Sunday, October 9, 2011

Not a LOSER

I had lost in the competition, not being able to perform excellently as how I expected. Well, I am quite used to losing, sounds like I had never won before. It's true that I neither won nor stand out in any of the competitive events. Not that I don't want to, but I hate the fact that I am not able to. In other words, I am good at losing not winning ; I am just a participant to make the winner shine brighter in my dimness, a  byplay to make the hero heroic, a side dishes to make the main course look delicious, a green leave that contrasts the beauty of a flower. If this is the role which is given by God, He is the Director and I have to accept whatever He gives, even being a loser in this melodrama.

Little did I know that I am such a naughty one; being a loser, I don't get appreciated for taking the place no one else would take, but I am freaking happy too to see the goddamn long faces that my lecturers gave after I lost. Oops, I am so sorry that I had disappointed you, but don't you think that you owe me a goddamn apologize for   making me a loser? My disability does reflect your teaching capability, thus, if I'm a loser , then you are a sucker!

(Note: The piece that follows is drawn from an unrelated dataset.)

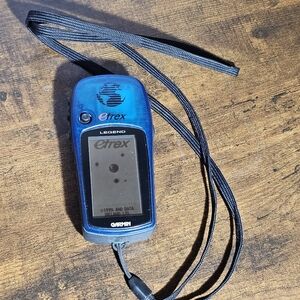 Garmin eTrex Legend GPS Blue Complete Handheld Hiking‎ & Geocache Tested Works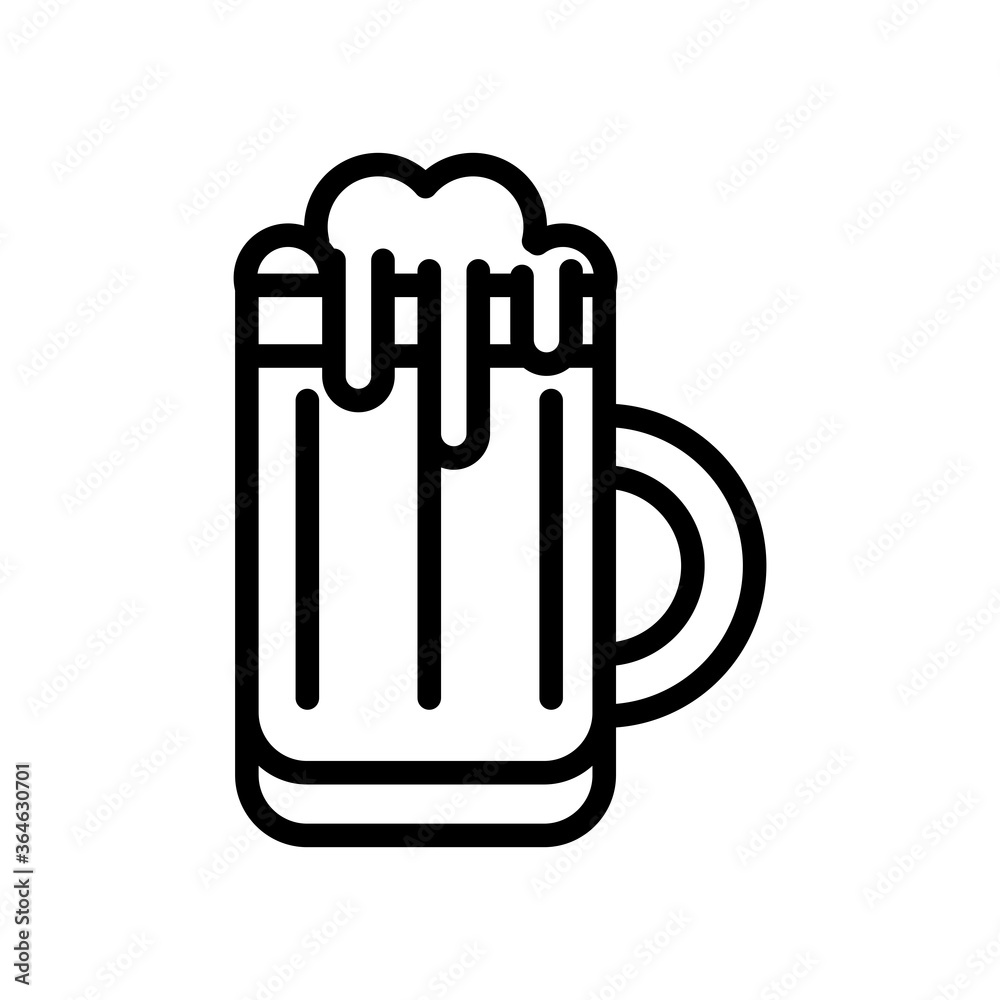 beer jar drink international day line style beer jar drink international day line style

I don't mind losing, but the consolation from those insensitive people deserve  little gratitude from me.I can share the joy with my friends, though I am not in the wining shoes, can you? I have the courage to fight the giants even I may look like a pity grasshopper to them, can you? I have the strength to swim against the oceans of odds, can you? I have bravery to pick myself up from the dirt, can you? I have the boldness to stand up for injustice, can you? I have the sincerity to love those who might stab my back, can you? I do all these without a gold medal but all in secret, can you?

If you can't do what I do, then stop calling me  loser. Because I am not a loser, just because of a stupid competition. I can't run fast, but I'll never stop running until I reach the goal.Because I am not a loser.